§ **Work instruction**:
From the data below, set down exactly the lines between the one holding "Centurion ProTask High" and the one holding "Two machined brass", inclusive, and no others.

§ **Material provided**:
__________

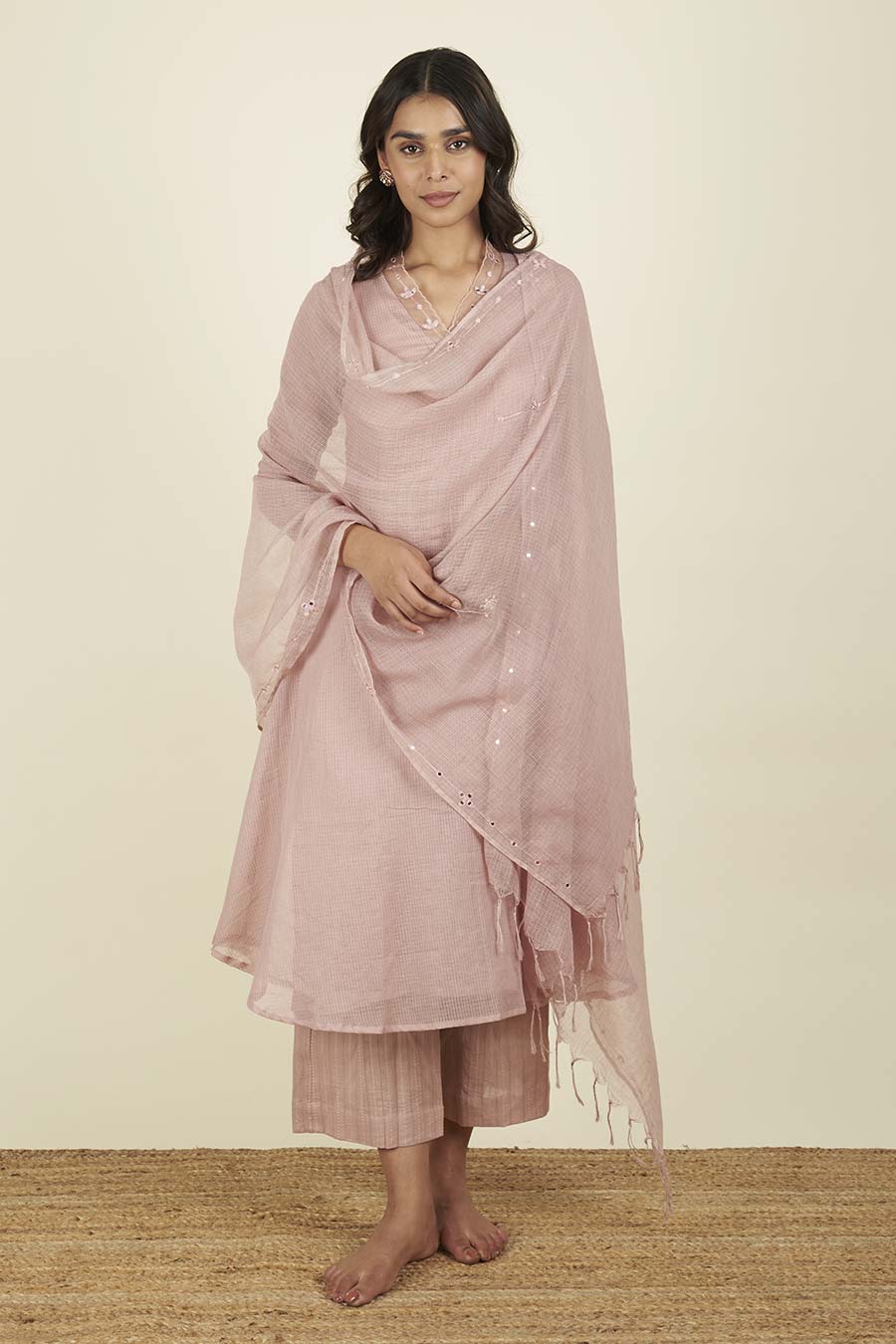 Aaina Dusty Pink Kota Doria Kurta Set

__________

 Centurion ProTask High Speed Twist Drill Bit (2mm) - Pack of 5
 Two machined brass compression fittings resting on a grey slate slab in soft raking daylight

__________

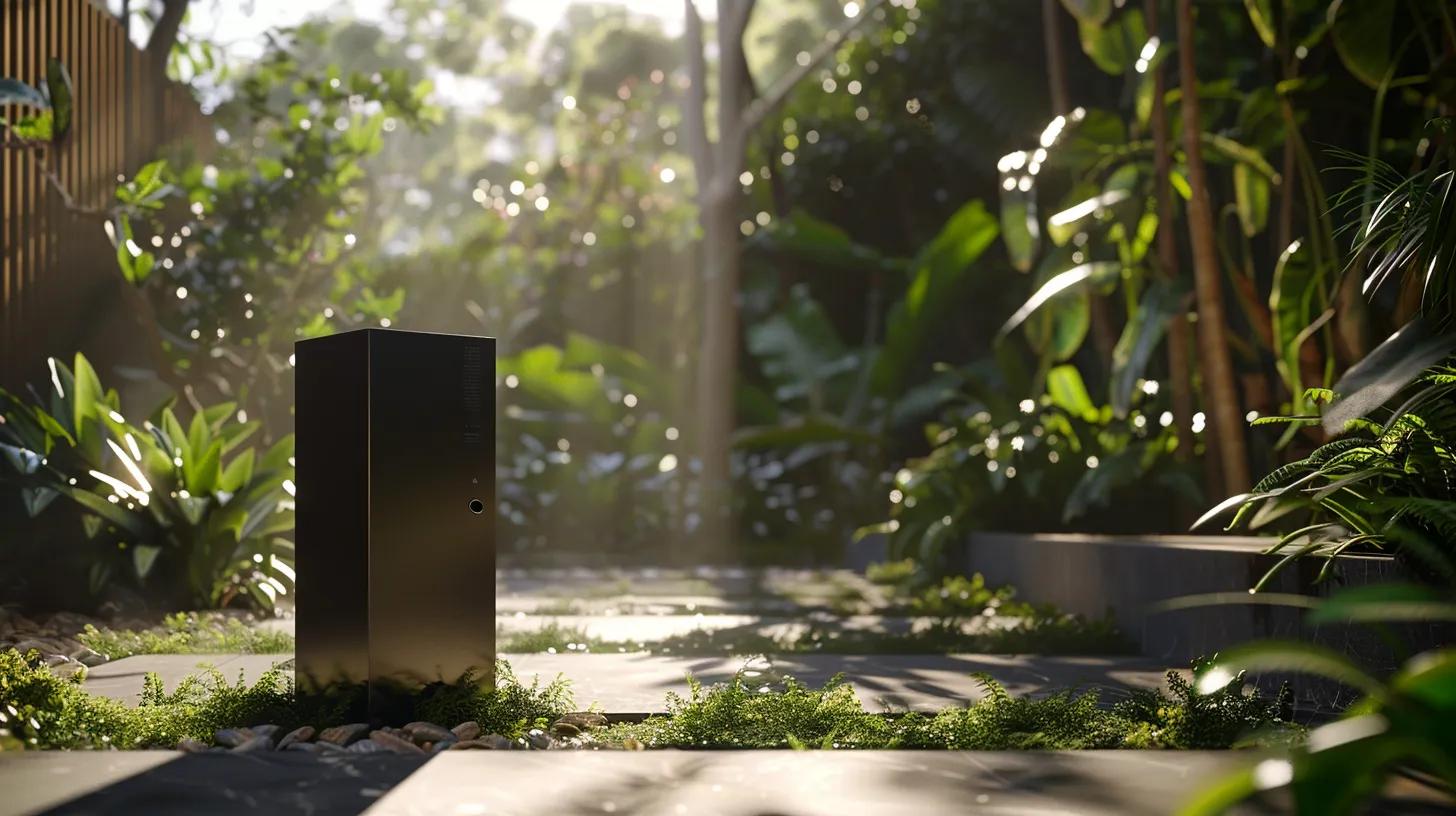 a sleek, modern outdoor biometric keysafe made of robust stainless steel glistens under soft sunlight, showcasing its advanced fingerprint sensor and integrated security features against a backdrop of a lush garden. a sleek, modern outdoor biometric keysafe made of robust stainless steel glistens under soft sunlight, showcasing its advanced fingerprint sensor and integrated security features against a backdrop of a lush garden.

__________

§ **Solution**:
 Centurion ProTask High Speed Twist Drill Bit (2mm) - Pack of 5
 Two machined brass compression fittings resting on a grey slate slab in soft raking daylight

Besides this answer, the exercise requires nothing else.